How to deploy and restart runners

LaiRuiqi edited this page Feb 26, 2024 · 10 revisions

Deploy Runners

Runners physical node configuration: Four nodes with 4C-8G, 100GB storage. Suggested system image: ubuntu-20.04-2nic

How to deploy the four nodes:

  1. Build the runner deployer
cd vHive/scripts/github_runner
go build .
  1. Modify the conf.json

Need to modify conf.json, the format is as following:

{
  "ghOrg": "<GitHub account>",
  "ghPat": "<GitHub PAT>",
  "hostUsername": "<username>",
  "runners": {
    "<hostname-1>": {
      "type": "cri",
      "sandbox": "firecracker"
    },
    "<hostname-2>": {
      "type": "cri",
      "sandbox": "gvisor",
    },
    "<hostname-3>": {
      "type": "integ",
      "num": 2,
      "restart": false
    },
    "<hostname-4>": {
        "type": "profile"
    }
  }
}

Note that in conf.json, for ghOrg, it's vhive-serverless, for ghPat, it should be your own account's Personal Access Token, as long as your account has the correct permissions for vhive-serverless org

<username>:<hostname-1/2/3/4> is the ssh username and hostname, so if you use SCSE cloud nodes as runners, <hostname-1/2/3/4> should be their ip addresses.
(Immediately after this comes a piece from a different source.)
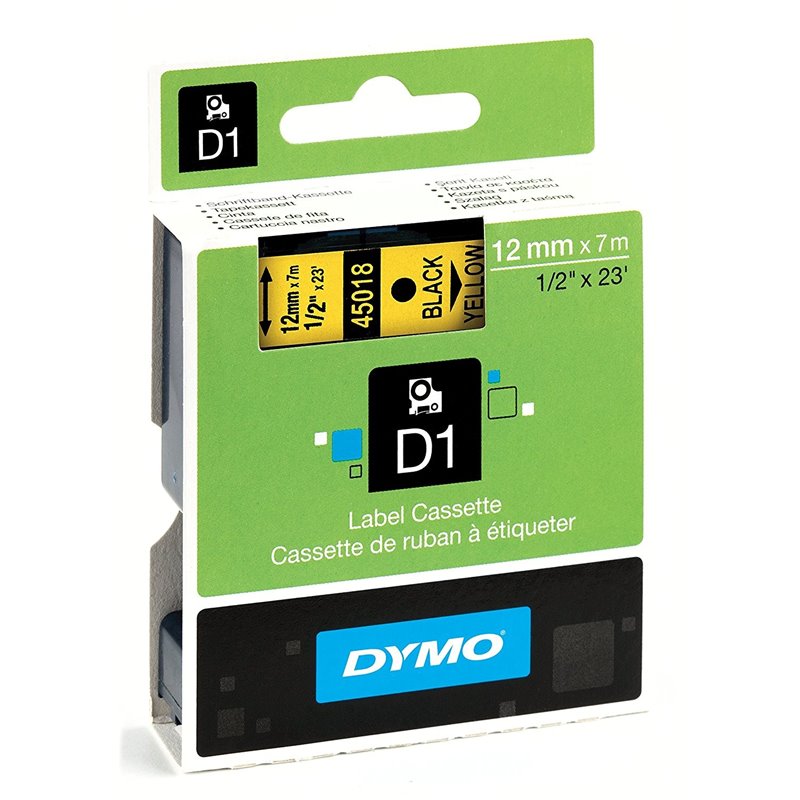 DYMO D1 - Etiquetas estándar - Negro sobre amarillo - 12mm x 7m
After modifying this, deploy the runners remotely by running:

./deploy_runners --loglvl=debug

If it gives out error like “dial unix: missing address”, use:

eval `ssh-agent`
ssh-add ~/.ssh/<private_key>

Here <private_key> should be the key that has the ssh permission to all four runners, typically it's id_rsa

It is normal that this script doesn't success in one pass, simply re-run the deployment script after a while.

Restart Runners

On SCSE cloud, rebuild the three nodes and redeploy them.
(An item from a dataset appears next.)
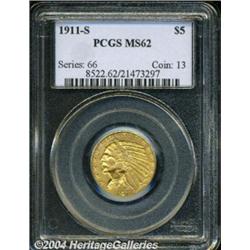 1911-S $5 MS62 PCGS. An uncommonly sharp Mint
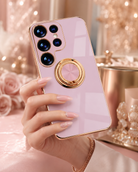 Samsung Galaxy S25 Series Gold Electroplated Ring Holder Cover - protective case detail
When Should Restart Runners

For firecracker and gvisor cri tests, when the test stuck in helloworld is waiting for a Revision to be ready bc67c34ef2308282b8285077534667f

This basically implies that the firecracker and gvisor cri runners need to be restart(You can also restart only one runner in that case) But if the firecracker and gvisor cri test passed the Setup vHive CRI test environment step and failed in Run vHive CRI tests step, this typically is just sporadic failure and can be resolved by re-running the tests, just trigger the re-run button on github webpage is okay.